Rnd3 is a small (~21 kDa) signaling G protein (to be specific, a GTPase), and is a member of the Rnd subgroup of the Rho family of GTPases. It is encoded by the gene RND3.

Like other members of the Rho family of Ras-related GTPases it regulates the organization of the actin cytoskeleton in response to extracellular growth factors.

Regulation
Most Rho family members cycle between an inactive GDP-bound form and an active GTP-bound form. However, members of the Rnd subgroup of the Rho family are exceptions to this, binding detectably only to GTP, while having low GTPase activity, if any. Instead, Rnd family proteins are regulated through other mechanisms that control their production, degradation, phosphorylation, and localization.

Interactions 

In its GTP-bound form, RhoA exposes regions that allow it to interact with downstream targets.
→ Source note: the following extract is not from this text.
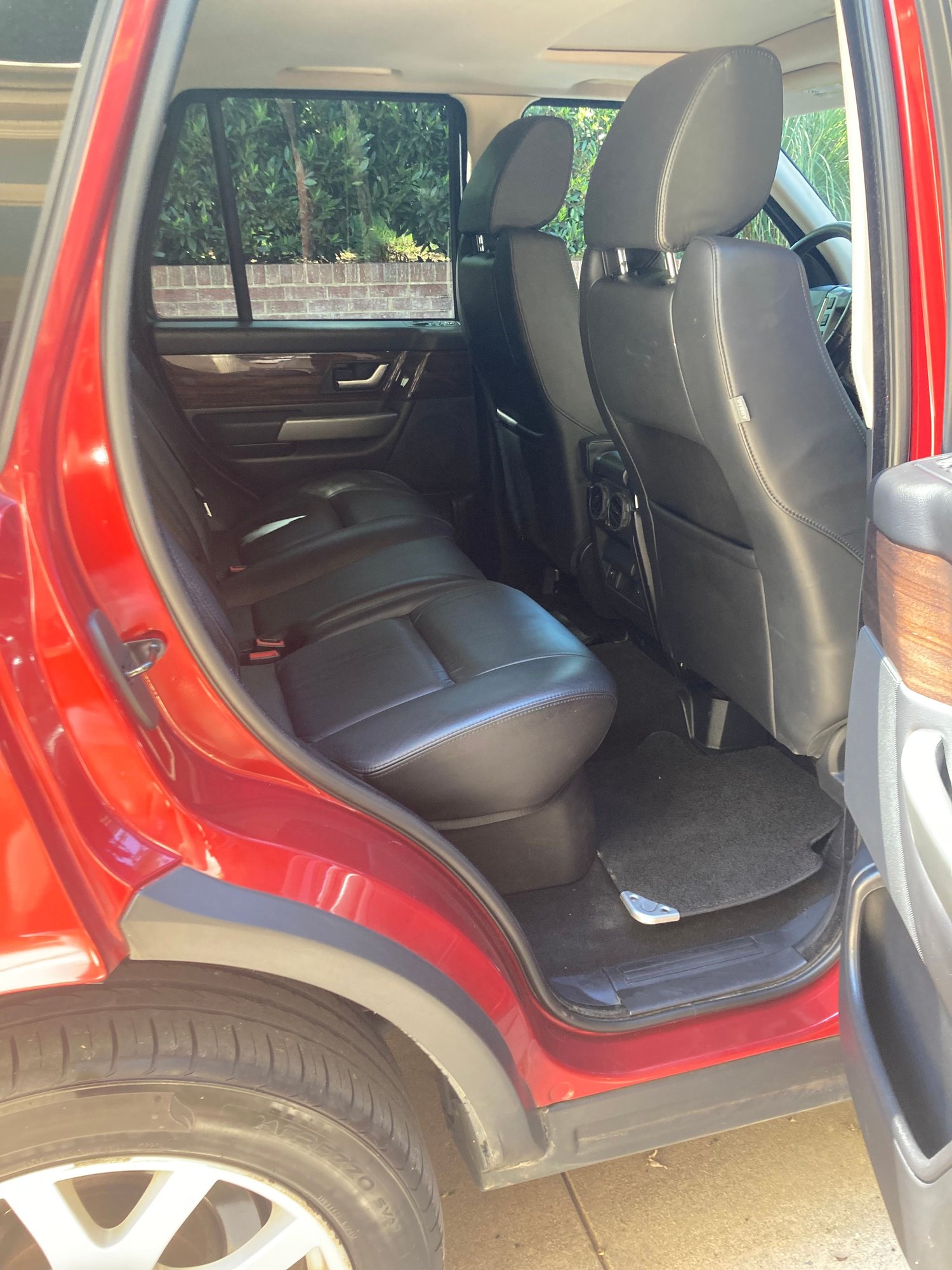 2008 Land Rover Range Rover Sport - 2008 Range Rover Sport HSE - Used - VIN SALSK254X8A126861 - 111,849 Miles - 4 cyl - 4WD - Automatic - SUV - Red - Roanoke, VA 24014, United States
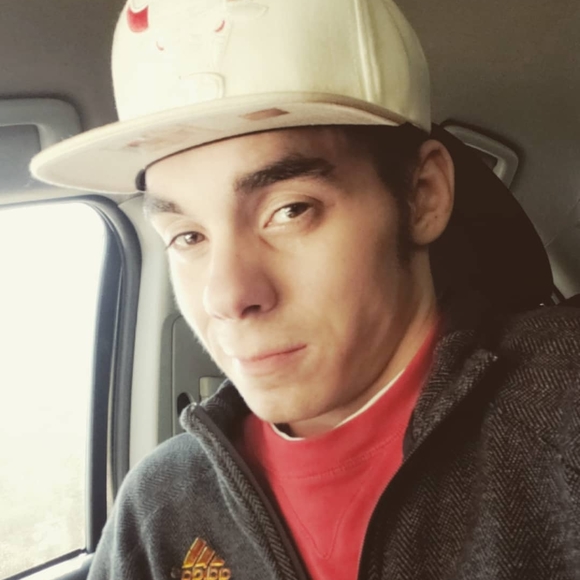 Profile Picture of Thomas Bevins (@thomasbevins) on Poshmark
Rnd3 contains a region which is similar to the one RhoA exposes for interaction with ROCK1, allowing Rnd3 to compete with RhoA for interaction with ROCK1. By binding to ROCK1, Rnd3 inhibits it from phosphorylating downstream targets necessary for stress fiber formation. Rnd3 is also directly involved in controlling RhoA activity through suppression of PLEKHG5  and activation of ARHGAP5. Interaction with UBXD5 has also been shown.